Upon returning to Buenos Ayres, my blue-satin bedroom looked strangely artificial and effeminate, after sleeping on the ground under the stars for so long.
CHAPTER IX
Paraguay—Journey up the river—A primitive Capital—Dick the Australian—His polychrome garb—A Paraguayan Race Meeting—Beautiful figures of native women—The "Falcon" adventurers—a quaint railway—Patiño Cué—An extraordinary household—The capable Australian boy—Wild life in the swamps—"Bushed"—A literary evening—A railway record—The Tigre midnight swims—Canada—Maddening flies—A grand salmon river—The Canadian backwoods—Skunks and bears—Different views as to industrial progress.
As negotiations had commenced in the "'eighties" for a new Treaty, including an Extradition clause, between the British and Paraguayan Governments, several minor points connected with it required clearing up.
I accordingly went up the river to Asuncion, the Paraguayan capital, five days distant from Buenos Ayres by steamer. A short account of that primitive little inland Republic in the days before it was linked up with Argentina by railway may prove of interest, for it was unlike anything else, with its stately two hundred-year-old relics of the old Spanish civilisation mixed up with the roughest of modern makeshifts. The vast majority of the people were Guaranis, of pure Indian blood and speech. The little State was so isolated from the rest of the world that the nineteenth century had touched it very lightly. Since its independence Paraguay had suffered under the rule of a succession of Dictator Presidents, the worst of whom was Francisco Lopez, usually known as Tyrant Lopez. This ignorant savage aspired to be the Napoleon of South America, and in 1864 declared war simultaneously on Brazil, Uruguay, and the Argentine Republic.

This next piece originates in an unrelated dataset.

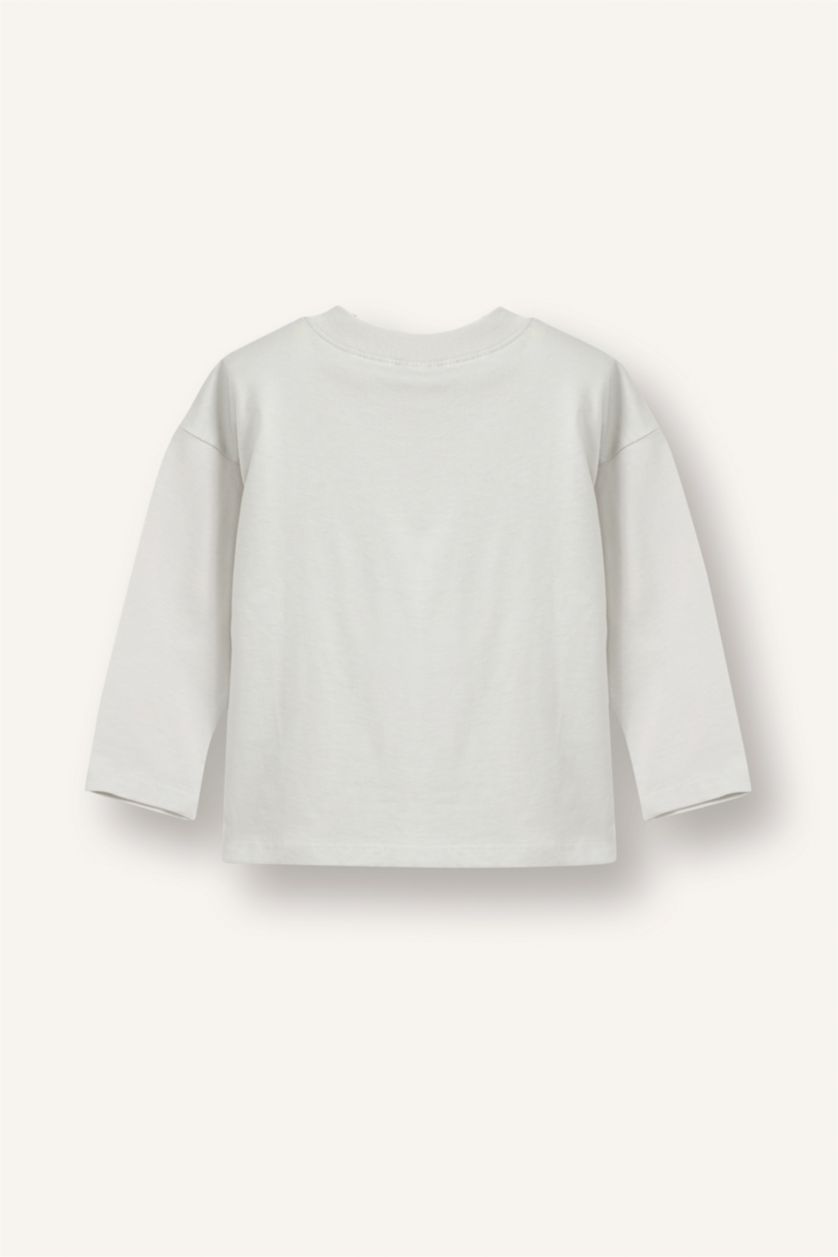 Erkek Bebek Açık Gri Baskılı Tişört Erkek Bebek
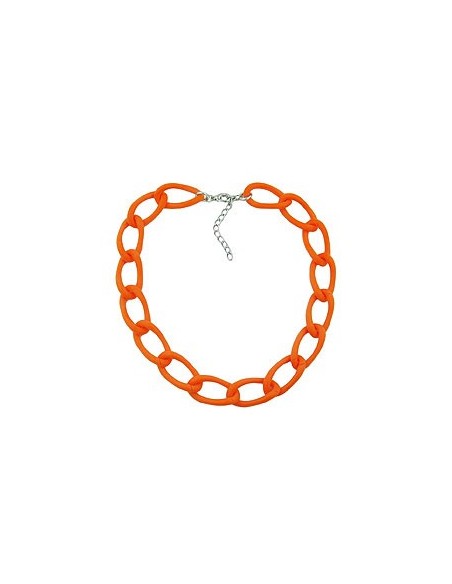 necklace wide curb chain apricot-matt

The war continued till 1870, when, fortunately, Lopez was killed, but the population of Paraguay had diminished from one and a quarter million to four hundred thousand people, nearly all the males being killed. In my time there were seven women to every male of the population.
The journey up the mighty Paraná is very uninteresting, for these huge rivers are too broad for the details on either shore to be seen clearly. After the steamer had turned up the Paraguay river on the verge of the tropics, it became less monotonous. The last Argentine town is Formosa, a little place of thatched shanties clustered under groves of palms. We arrived there at night, and remained three hours. I shall never forget the eerie, uncanny effect of seeing for the first time Paraguayan women, with a white petticoat, and a white sheet over their heads as their sole garments, flitting noiselessly along on bare feet under the palms in the brilliant moonlight. They looked like hooded silent ghosts, and reminded me irresistibly of the fourth act of "Robert le Diable," when the ghosts of the nuns arise out of their cloister graves at Bertram's command. They did not though as in the opera, break into a glittering ballet.
On board the steamer there was a young globe-trotting Australian. He was a nice, cheery lad, and, like most Australians, absolutely natural and unaffected. As he spoke no Spanish, he was rather at a loose end, and we agreed to foregather.
Asuncion was really a curiosity in the way of capitals. Lopez the Tyrant suffered from megalomania, as others rulers have done since his day. He began to construct many imposing buildings, but finished none of them. He had built a huge palace on the model of the Tuileries on a bluff over the river. It looked very imposing, but had no roof and no inside. He had also begun a great mausoleum for members of the Lopez family, but that again had only a façade, and was already crumbling to ruin. The rest of the town consisted principally of mud and bamboo shanties, thatched with palm. The streets were unpaved, and in the main street a strong spring gushed up. Everyone rode; there was but one wheeled vehicle in Asuncion, and that was only used for weddings and funerals. The inhabitants spoke of their one carriage as we should speak of something absolutely unique of its kind, say the statue of the Venus de Milo, or of some rare curiosity, such as a great auk's egg, or a twopenny blue Mauritius postage stamp, or a real live specimen of the dodo.